Validation results in the working-paper text: Fog and Flesch show no change in 10-K readability over 1994–2007, whereas Plain English notably improves after the rule. In tests, Plain English is the measure that:

is positively related to increases in the proportion of 100-share ("small investor") trades post-regulation;

is the only measure significantly linked to seasoned equity issuance (firms write more readable 10-Ks before SEOs) in a logit model;

is higher for firms with shareholder-friendly governance.

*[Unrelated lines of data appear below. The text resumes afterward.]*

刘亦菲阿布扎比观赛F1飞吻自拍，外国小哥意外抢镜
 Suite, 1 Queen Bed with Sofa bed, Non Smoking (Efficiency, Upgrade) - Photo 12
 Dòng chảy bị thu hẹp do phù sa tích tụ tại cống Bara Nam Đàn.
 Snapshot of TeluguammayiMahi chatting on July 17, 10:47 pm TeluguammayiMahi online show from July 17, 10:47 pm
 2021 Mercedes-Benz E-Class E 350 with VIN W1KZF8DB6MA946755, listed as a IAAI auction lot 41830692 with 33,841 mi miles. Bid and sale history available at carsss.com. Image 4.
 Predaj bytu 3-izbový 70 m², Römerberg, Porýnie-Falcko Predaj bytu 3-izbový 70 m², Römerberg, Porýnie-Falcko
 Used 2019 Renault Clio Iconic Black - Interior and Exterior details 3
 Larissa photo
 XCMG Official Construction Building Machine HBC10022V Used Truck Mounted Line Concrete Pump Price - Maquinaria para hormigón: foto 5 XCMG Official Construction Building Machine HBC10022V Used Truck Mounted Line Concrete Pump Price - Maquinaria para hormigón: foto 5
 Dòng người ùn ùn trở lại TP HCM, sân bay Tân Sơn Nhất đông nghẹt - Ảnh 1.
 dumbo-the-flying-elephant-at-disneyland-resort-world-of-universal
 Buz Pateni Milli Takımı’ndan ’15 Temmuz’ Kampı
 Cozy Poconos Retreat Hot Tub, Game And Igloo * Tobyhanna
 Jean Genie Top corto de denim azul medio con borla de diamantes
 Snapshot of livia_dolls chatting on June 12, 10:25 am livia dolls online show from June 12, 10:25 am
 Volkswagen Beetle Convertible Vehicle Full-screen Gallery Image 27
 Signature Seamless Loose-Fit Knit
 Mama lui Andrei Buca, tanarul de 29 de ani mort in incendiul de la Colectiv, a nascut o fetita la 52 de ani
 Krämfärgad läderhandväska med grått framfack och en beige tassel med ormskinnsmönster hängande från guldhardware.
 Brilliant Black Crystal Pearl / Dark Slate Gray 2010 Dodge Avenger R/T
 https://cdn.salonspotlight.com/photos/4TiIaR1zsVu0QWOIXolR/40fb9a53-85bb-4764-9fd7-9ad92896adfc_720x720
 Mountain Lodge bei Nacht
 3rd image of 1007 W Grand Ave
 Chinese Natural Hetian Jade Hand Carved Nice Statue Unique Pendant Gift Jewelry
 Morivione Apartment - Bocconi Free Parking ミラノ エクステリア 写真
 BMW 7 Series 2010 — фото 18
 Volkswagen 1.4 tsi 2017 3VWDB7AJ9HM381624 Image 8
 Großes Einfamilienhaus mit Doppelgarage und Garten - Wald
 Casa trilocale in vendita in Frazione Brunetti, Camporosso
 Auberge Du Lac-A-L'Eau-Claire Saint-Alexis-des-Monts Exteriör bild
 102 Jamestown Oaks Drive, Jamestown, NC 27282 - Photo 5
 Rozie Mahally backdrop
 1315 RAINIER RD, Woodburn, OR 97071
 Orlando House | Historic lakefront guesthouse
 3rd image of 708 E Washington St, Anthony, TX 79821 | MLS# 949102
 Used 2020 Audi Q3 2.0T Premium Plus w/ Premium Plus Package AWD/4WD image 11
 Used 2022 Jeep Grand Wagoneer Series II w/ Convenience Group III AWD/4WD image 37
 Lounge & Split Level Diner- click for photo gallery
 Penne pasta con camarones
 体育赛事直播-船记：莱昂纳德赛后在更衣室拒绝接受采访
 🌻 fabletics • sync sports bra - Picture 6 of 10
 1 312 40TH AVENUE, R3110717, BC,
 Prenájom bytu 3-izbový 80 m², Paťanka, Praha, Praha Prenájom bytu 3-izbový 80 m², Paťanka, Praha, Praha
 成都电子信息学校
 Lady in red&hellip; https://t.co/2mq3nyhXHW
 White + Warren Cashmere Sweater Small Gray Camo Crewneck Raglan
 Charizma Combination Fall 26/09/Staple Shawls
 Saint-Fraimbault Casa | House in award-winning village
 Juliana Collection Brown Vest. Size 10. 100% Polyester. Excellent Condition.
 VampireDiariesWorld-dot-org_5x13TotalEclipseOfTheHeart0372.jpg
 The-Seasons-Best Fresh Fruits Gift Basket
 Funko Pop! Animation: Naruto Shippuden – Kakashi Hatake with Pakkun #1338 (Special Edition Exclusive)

For applied finance NLP, the operational takeaways are: do not rely on raw Fog/Flesch for business text; validate any text metric in-domain; and use Plain English (or, per the published paper, log file size) as a lower-error complexity proxy.

Limitations & pitfalls

Plain English is multi-component and parsing-dependent (passive-voice and legalese detection are heuristic); reproducibility hinges on the exact word/phrase lists.

File size (the published headline) conflates length with complexity and is sensitive to formatting/exhibits; as filings move to XBRL/HTML, byte-size proxies need re-validation.

All measures capture style/complexity, not factual informativeness directly; the market-impact benchmark is an indirect proxy for "readability."

Key references

Loughran, T. & McDonald, B. (2014) — Measuring Readability in Financial Disclosures — Journal of Finance

Loughran, T. & McDonald, B. (2011) — When Is a Liability Not a Liability? Textual Analysis, Dictionaries, and 10-Ks — Journal of Finance

Li, F. (2008) — Annual Report Readability, Current Earnings, and Earnings Persistence — Journal of Accounting and Economics

Provenance: verified/generated from the paper's full text.